A solo interior designer is almost always better served by an all-in-one client-flow tool — HoneyBook or Bonsai — because contracts, deposits, and invoicing are the daily friction, and these tools remove it. A design studio with multiple designers, overlapping projects, and procurement to coordinate benefits from a CRM-plus-project platform: monday for a flexible visual setup, Scoro when quote-to-cash and time billing need to live in one system. Pipedrive or HubSpot fit studios with a genuine sales or marketing function — paired with a contracts tool.

Trial advice

Take two finalists and run your next real project through both for two weeks — capture the lead, build the proposal, get a test signature, issue the deposit invoice, and set up the project tracking. The right tool collapses several subscriptions (CRM, proposals, contracts, invoicing, project tracking, time tracking) into one or two. For a design business, the value of that consolidation — one source of truth per client, fewer places a procurement detail or a change order can get lost — usually outweighs any single feature on a comparison grid.

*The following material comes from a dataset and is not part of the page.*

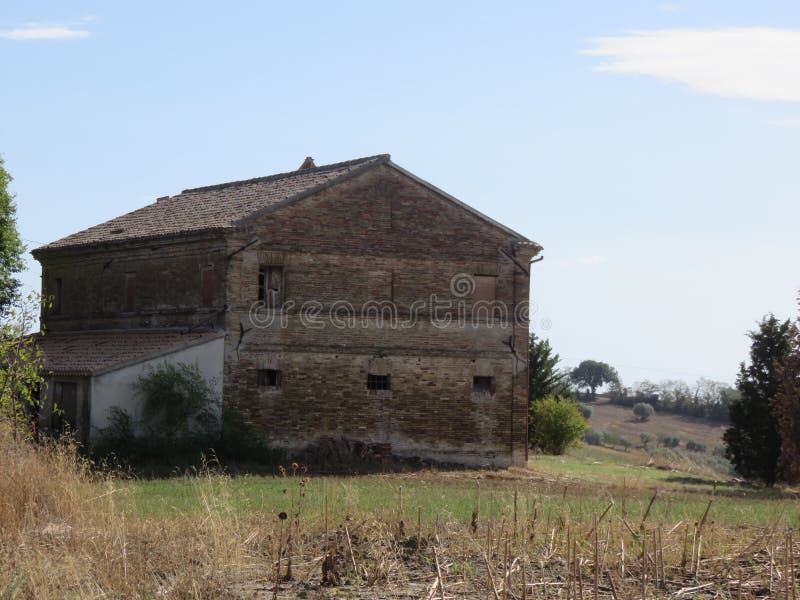 Casa abbandonate. A house abandoned their beauty is mysterious and they arouse an immense curiosity in man royalty free stock photo Casa abbandonate. A house abandoned their beauty is mysterious and they arouse an immense curiosity in man royalty free stock photo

Frequently asked questions

What should an interior designer look for in a CRM?
Interior design is project-based creative work, so a CRM has to span the whole arc: lead capture, a branded proposal, a contract with e-signature, a deposit invoice, then months of project work — procurement, milestones, change orders — and a final invoice. Look for proposals and contracts, milestone or progress billing, project tracking, and ideally time tracking if you bill hourly. A pure sales CRM only covers leads and proposals.
What is the best CRM for a solo interior designer?
HoneyBook and Bonsai are the strongest picks for solo designers. Both fold proposals, contracts, e-signatures, and invoicing into one tool so you can quote, sign, and collect a deposit without juggling apps. Bonsai adds time tracking, which helps if you bill hourly; HoneyBook's branded client portal is the better client-facing experience for presenting design proposals.
Do interior design studios need project management in their CRM?
Usually yes. Unlike a quick sale, an interior design project runs for months with procurement, installs, milestones, and change orders. A studio benefits from a tool that links the client relationship to the project work — monday and Scoro both do this, combining CRM with project, task, and (in Scoro's case) time and billing management. Solo designers can often get by with an all-in-one client tool plus a simple task list.
Which CRM handles design proposals and contracts?
HoneyBook and Bonsai include branded proposals and contracts with e-signature plus invoicing, so a designer can present, get signed, and bill in one flow. monday, Scoro, Pipedrive, and HubSpot focus on pipeline and project tracking — for contracts you'd pair them with a tool like PandaDoc or DocuSign.
How much does a CRM for interior designers cost in 2026?
Solo-designer all-in-one tools are most affordable: HoneyBook starts around $19/mo (up to ~$79/mo), Bonsai runs roughly $25–$79/mo. Studio platforms are priced per user — monday from about $9–$19/seat/mo, Scoro from roughly $26/user/mo, Pipedrive from ~$14/user/mo, HubSpot free to $100+/seat/mo. A solo designer usually spends $20–$80/mo; a studio scales with seats.